Des évènements extraordinaires

« Ne faites aucune prédictions, » écrivions-nous alors.

Nos conseils se sont révélés judicieux. Mais, même en tenant compte du climat politique sauvagement imprévisible de l’Égypte contemporaine, les évènements qui surviennent actuellement nous apparaissent vraiment extraordinaires.

Après deux jours d’un scrutin très attendu, les 16 et 17 juin, il semblerait que le candidat des Frères musulmans, Mohamed Morsi, ait été élu avec plus de 52% des voix. C’est en tout cas ce que prédisent les experts présents sur place et ce que clament les Frères musulmans depuis le lendemain du dernier jour de scrutin. Mais, le candidat de la vieille-garde d’Hosni Moubarak, Ahmed Chafik revendique également la victoire.

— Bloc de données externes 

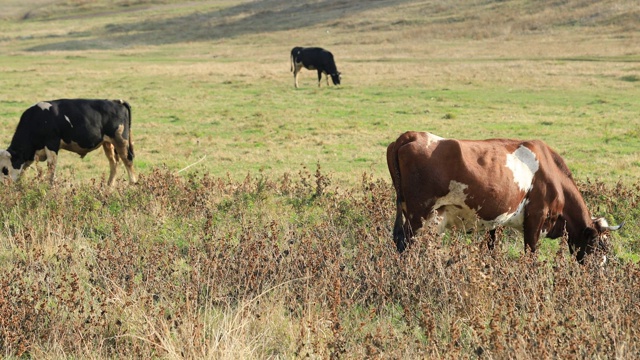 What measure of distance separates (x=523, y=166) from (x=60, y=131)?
8.23 meters

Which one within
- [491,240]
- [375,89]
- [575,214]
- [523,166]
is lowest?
[375,89]

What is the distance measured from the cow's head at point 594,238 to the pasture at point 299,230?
0.37m

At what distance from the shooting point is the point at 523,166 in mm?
7770

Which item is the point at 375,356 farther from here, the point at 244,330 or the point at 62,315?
the point at 62,315

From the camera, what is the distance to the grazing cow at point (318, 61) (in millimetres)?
33219

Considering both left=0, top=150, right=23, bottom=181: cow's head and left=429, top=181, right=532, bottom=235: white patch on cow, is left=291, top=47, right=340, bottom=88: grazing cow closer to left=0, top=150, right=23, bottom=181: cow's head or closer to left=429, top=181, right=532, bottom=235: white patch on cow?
left=0, top=150, right=23, bottom=181: cow's head

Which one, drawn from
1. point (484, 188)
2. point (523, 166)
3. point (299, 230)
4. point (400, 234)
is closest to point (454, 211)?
point (484, 188)

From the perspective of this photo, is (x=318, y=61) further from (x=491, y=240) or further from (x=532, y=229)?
(x=532, y=229)

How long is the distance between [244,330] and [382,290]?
50.5 inches

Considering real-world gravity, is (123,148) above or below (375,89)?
above

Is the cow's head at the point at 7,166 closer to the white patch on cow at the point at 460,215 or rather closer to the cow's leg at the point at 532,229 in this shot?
the white patch on cow at the point at 460,215

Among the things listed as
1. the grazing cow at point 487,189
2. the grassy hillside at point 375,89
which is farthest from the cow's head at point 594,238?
the grassy hillside at point 375,89

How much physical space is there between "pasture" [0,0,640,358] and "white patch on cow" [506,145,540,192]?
0.76 metres

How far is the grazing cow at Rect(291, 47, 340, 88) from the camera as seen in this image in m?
33.2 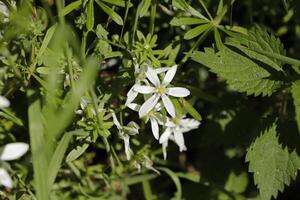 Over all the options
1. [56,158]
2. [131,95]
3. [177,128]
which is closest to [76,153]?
[56,158]

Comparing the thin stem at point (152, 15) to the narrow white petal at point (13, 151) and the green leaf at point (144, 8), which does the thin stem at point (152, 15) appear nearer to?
the green leaf at point (144, 8)

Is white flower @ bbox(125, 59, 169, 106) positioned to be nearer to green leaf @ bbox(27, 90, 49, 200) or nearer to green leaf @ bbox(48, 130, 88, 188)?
green leaf @ bbox(48, 130, 88, 188)

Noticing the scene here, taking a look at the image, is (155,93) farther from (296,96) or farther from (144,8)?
(296,96)

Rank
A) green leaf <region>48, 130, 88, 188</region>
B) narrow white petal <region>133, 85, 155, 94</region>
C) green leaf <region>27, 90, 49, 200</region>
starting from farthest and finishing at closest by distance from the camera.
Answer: narrow white petal <region>133, 85, 155, 94</region>
green leaf <region>48, 130, 88, 188</region>
green leaf <region>27, 90, 49, 200</region>

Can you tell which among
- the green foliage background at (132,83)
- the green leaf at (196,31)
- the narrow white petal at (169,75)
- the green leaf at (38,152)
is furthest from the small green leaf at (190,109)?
the green leaf at (38,152)

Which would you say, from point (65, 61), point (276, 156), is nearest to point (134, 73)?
point (65, 61)

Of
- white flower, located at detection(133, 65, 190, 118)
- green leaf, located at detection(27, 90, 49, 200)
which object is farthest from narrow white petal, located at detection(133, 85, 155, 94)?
green leaf, located at detection(27, 90, 49, 200)

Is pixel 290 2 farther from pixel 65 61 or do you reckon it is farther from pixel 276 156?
pixel 65 61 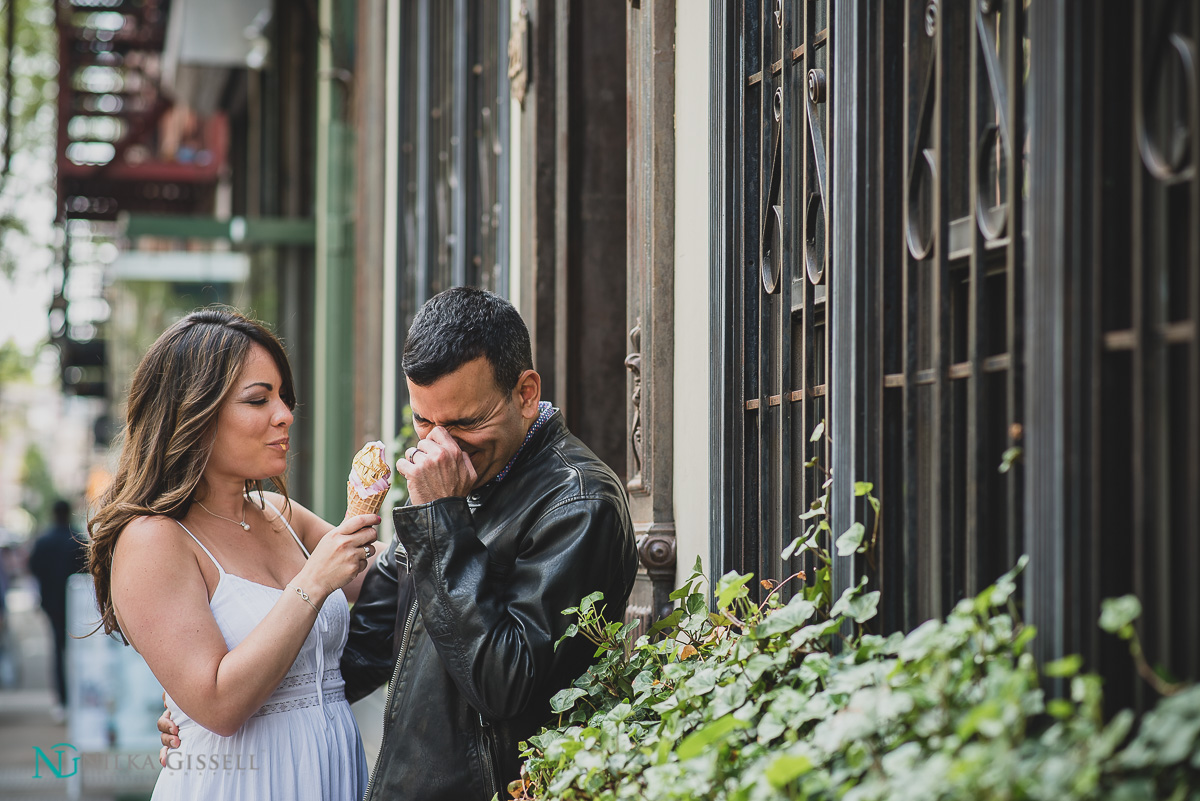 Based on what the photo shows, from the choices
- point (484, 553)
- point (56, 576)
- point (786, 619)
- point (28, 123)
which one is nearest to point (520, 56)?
point (484, 553)

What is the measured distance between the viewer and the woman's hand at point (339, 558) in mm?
2994

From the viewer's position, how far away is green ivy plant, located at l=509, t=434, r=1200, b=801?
1393 millimetres

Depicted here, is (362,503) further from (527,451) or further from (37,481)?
(37,481)

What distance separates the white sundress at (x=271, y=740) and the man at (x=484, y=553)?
398mm

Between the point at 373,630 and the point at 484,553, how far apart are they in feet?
2.91

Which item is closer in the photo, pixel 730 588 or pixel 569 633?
pixel 730 588

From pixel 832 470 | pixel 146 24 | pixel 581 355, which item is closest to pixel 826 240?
pixel 832 470

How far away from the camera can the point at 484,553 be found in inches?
106

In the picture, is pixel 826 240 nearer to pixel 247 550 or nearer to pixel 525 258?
pixel 247 550

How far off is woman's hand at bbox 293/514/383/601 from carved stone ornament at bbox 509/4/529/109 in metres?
2.38

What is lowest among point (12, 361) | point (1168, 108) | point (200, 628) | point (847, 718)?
point (200, 628)

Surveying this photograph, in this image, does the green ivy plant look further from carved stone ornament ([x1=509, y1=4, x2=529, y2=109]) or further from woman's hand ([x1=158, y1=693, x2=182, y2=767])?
carved stone ornament ([x1=509, y1=4, x2=529, y2=109])

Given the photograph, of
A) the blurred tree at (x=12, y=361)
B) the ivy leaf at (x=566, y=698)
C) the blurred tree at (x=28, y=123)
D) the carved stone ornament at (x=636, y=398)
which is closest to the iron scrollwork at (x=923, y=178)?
the ivy leaf at (x=566, y=698)

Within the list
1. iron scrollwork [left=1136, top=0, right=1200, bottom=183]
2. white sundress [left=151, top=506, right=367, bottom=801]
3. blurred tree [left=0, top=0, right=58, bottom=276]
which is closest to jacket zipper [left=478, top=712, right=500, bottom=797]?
white sundress [left=151, top=506, right=367, bottom=801] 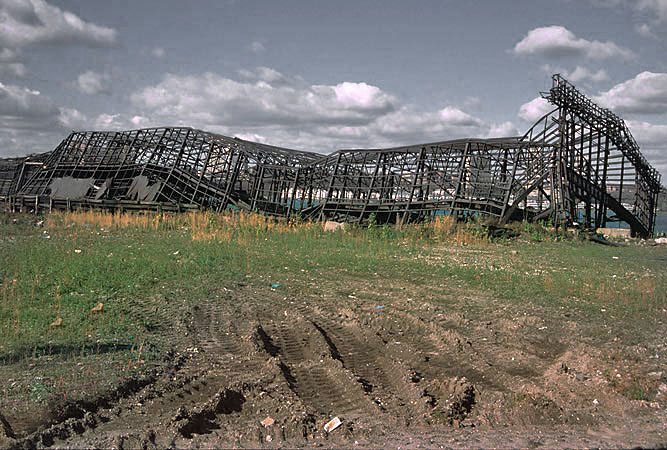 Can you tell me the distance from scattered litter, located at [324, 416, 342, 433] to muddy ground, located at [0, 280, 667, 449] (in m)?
0.03

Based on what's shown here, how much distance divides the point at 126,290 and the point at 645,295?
308 inches

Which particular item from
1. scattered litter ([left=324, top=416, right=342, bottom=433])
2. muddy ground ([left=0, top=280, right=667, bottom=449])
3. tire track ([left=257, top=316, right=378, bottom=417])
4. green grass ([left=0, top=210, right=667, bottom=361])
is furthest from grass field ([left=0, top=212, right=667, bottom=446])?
scattered litter ([left=324, top=416, right=342, bottom=433])

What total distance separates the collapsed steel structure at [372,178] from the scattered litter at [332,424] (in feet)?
49.1

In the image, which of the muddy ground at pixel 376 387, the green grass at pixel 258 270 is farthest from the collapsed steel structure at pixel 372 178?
the muddy ground at pixel 376 387

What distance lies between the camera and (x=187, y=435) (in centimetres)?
374

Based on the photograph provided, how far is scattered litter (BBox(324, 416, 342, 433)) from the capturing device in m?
3.86

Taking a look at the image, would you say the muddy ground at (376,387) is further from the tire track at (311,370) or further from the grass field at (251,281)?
the grass field at (251,281)

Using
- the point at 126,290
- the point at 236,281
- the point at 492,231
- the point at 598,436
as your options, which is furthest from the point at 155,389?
the point at 492,231

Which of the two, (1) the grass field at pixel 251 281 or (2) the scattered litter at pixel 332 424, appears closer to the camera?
(2) the scattered litter at pixel 332 424

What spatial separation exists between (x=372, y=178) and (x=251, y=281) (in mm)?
12702

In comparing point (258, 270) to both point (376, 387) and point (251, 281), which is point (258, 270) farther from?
point (376, 387)

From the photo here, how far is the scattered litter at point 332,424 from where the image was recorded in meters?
3.86

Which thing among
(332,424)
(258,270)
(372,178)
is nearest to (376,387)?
(332,424)

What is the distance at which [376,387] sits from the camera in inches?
186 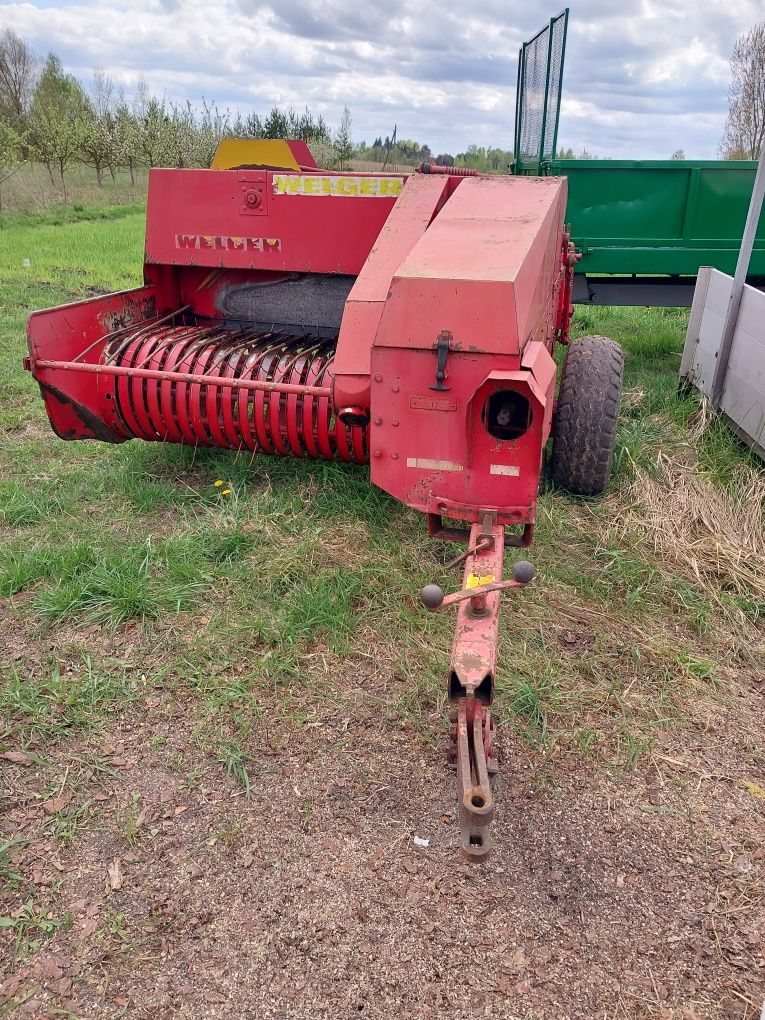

Encore une fois, ne faisons aucune prédiction.

« Coup d’État en douceur » ou « coup d’État » tout court

Alors que les résultats du scrutin ne sont pas officiels et ne devraient l’être qu’à partir du 21 juin, une seule chose est certaine : l’armée détient aujourd’hui le pouvoir et elle n’est absolument pas disposée à l’abandonner.

Pour Shadi Hamid, directeur de recherche au Brookings Doha Center et spécialiste de la question égyptienne, les évènements qui ont animé l’Égypte la semaine dernière ne peuvent être qualifiés autrement que par l’expression « coup d’État en douceur » de l’armée égyptienne.

Effectivement, dans un premier temps, l’armée a dissout le Parlement, élu en janvier dernier avec une large majorité de 70% pour les Frères musulmans et, plus largement, les différentes factions islamistes. Cette démonstration de machiavélisme pourrait être considérée comme un petit coup d’État. Mais lorsque l’armée a soudainement publié sa « déclaration constitutionnelle », dans la soirée de dimanche 17 juin, annonçant qu’elle allait garder le contrôle sur son budget ainsi que sur la rédaction de la future constitution, il a alors été difficile de voir les évènements autrement que par un « coup d’Etat » pur et simple.

Un président, oui, mais pour quels pouvoirs ?

L’armée, qui contrôle, selon certains experts, entre 30 et 40% de l’économie égyptienne, ne lâchera pas de pouvoir. Si celle-ci affirme qu’elle confiera l’exécutif à un président civil, dès que celui-ci sera élu, la question demeure de savoir quelles prérogatives reviendront alors à l’exécutif ?

Une réponse en deux mots : très peu.

Si les États-Unis encourageaient la démocratie

Pendant des mois, le Département d’État américain s’est mis en « mode écoute » vis-à-vis de l’Égypte. Il n’y avait d’ailleurs que peu de choses à faire, ces derniers temps, à part écouter.

Mais, désormais, Shadi Hamid, tout comme de nombreux experts de la question, estime que les Etats-Unis sont à un moment charnière où ils doivent choisir. Sont-ils du côté de la démocratie ou vont-ils laisser l’armée s’emparer du pouvoir ?

Depuis des décennies, les États-Unis ont favorisé la stabilité politique dans cette région. Ils ont soutenu les dictatures et contrarié les mouvements islamistes, comme les Frères musulmans, pour assurer cette stabilité recherchée.

Mais une des conclusions qu’il faut tirer, après des mois de Printemps arabe, est que cette stabilité était en fait bien fragile, et ce partout dans le Moyen-Orient.

Désormais, les États-Unis vont devoir faire plus qu’écouter. Ils devront, tout simplement, décider s’ils soutiennent la démocratie ou non.

Shadi Hamid, pour sa part, propose aux États-Unis de mettre un terme à leur généreuse aide financière accordée à l’armée égyptienne, au moins jusqu’à ce que la démocratie ait réellement progressé en Égypte.

Cela pourrait être une très bonne idée de notre point de vue.